> [DATA FOR ANALYSIS]
===

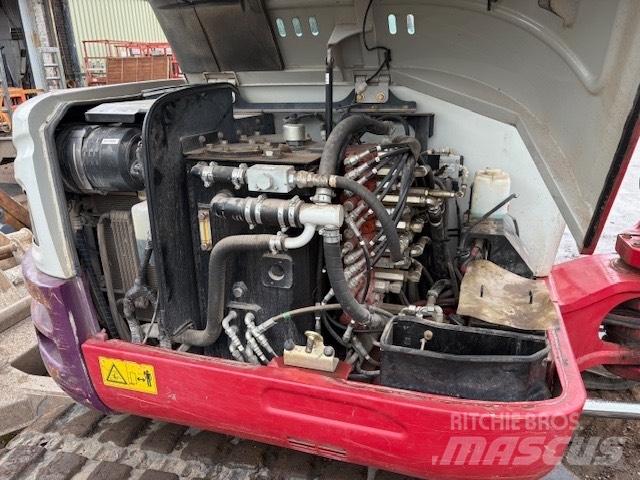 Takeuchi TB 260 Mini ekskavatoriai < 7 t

===

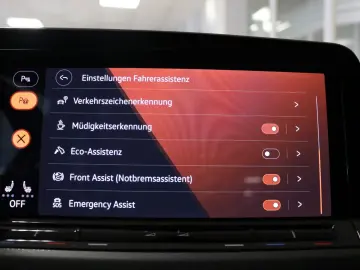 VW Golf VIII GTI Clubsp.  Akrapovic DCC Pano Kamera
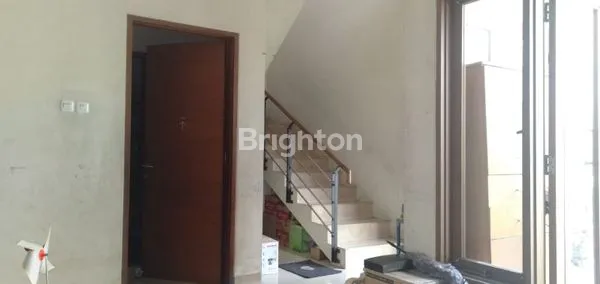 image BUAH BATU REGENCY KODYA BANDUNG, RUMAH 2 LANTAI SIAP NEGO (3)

===

> [PROBLEM TO SOLVE] Starting at the line above that has "VW Golf VIII" and ending at the line that has "image BUAH BATU", copy each line exactly, leaving the pictures out and adding nothing.

> [TASK SOLUTION]
 VW Golf VIII GTI Clubsp.  Akrapovic DCC Pano Kamera
 image BUAH BATU REGENCY KODYA BANDUNG, RUMAH 2 LANTAI SIAP NEGO (3)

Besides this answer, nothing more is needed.